To end the scene, the match cut makes the connection between Asami and Ryoko literal, as the latter ‘transforms’ into the former with motion. It’s not just a cool camera and edit trick, it’s visually demonstrating the theme.
Motion
Asami stands once within the scene [0:30-0:34], the camera tilting to look up as she rises to underscore how Asami looks down on Ryoko.
The match cut also uses Asami in a rising movement, which further strengthens this connection: Asami’s motion, framing, and end position are similar in both shots.
Another great touch is how the sound mix really distinguishes between Ryoko and Asami and the restaurant and apartment locations, even as Ryoko and Asami’s short appeals to Aoyama could form one complete sentence: “Darling . . . I want you.”
Colour
In the restaurant, the dominant colour behind Asami is blue, behind Ryoko is red, while both of them have the opposite colour as accent light on their face,
Meanwhile, Aoyama is clearly caught between both red and blue; sometimes framed and lit like Asami, sometimes like Ryoko.

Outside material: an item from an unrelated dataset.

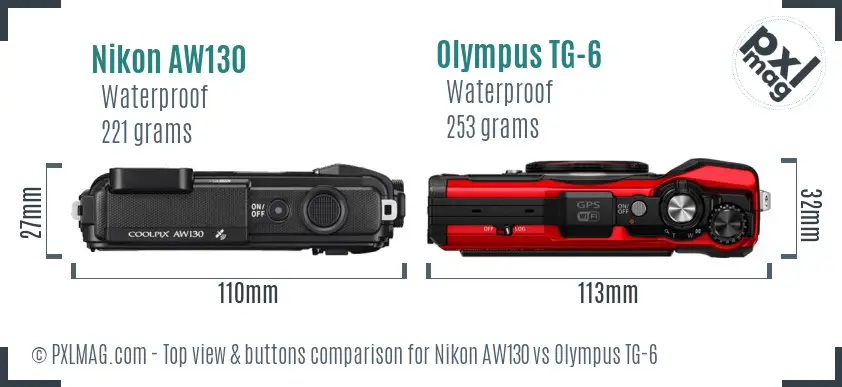 Nikon AW130 vs Olympus TG-6 top view buttons comparison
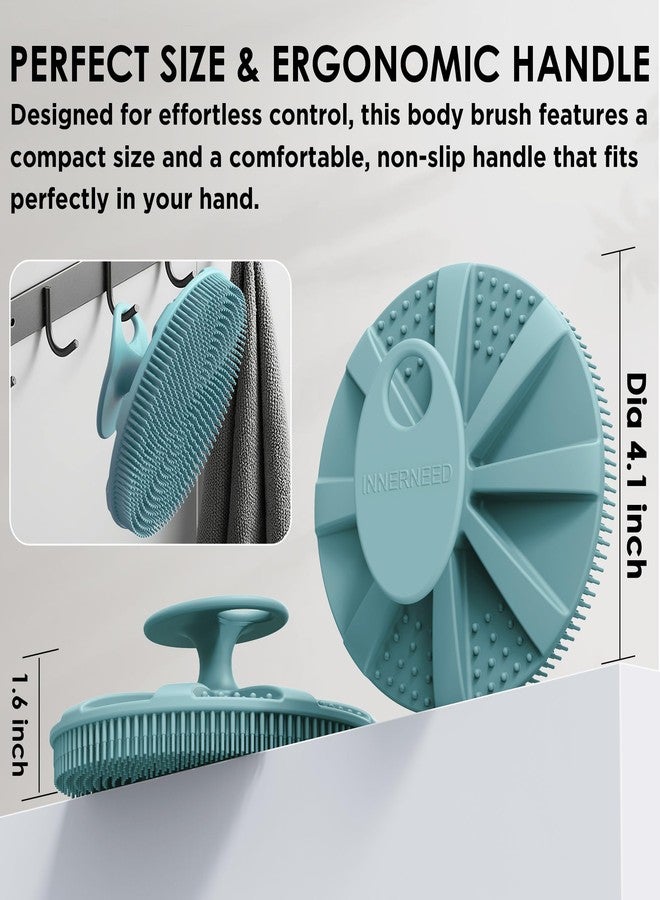 INNERNEED Bath Loofah Shower Sponge Mesh Case Exfoliating Net Washcloth Body Scruuber, for Women and Men, Fit for All Skin Types (Dark Green) - Image 4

The match cut going from red to yellow — a colour not featured in the restaurant — clearly signals to us that we’re in the next scene.
Once we’re in the next scene, it quickly cuts to Aoyama so we know we’ve made a full time/place switch and are continuing in this scene/space.
That there’s significant use of blue in the new scene is beautiful, yes, but blue framing was Asami’s dominant frame colour in the restaurant, so it suggests she is in control here, too.
Takeaways
Match cuts don’t always need to be ‘set up,’ they can work on their own.
But in a film with dream logic — and particularly, one with a character (Ryoko) whom we’ve only seen once before, an hour ago by this point — it’s helpful to set up these kinds of edits with signifiers, and/or make sure the scenes on either side look distinct, so there’s no confusion with the cut.
Creative and beautiful edits also don’t need to “visually demonstrate how this man is artificially attempting to ‘replace’ a dead wife with a new model who literally looks down on said wife, and him” but if you can pack that much significant into one shot it’s a real cherry on top!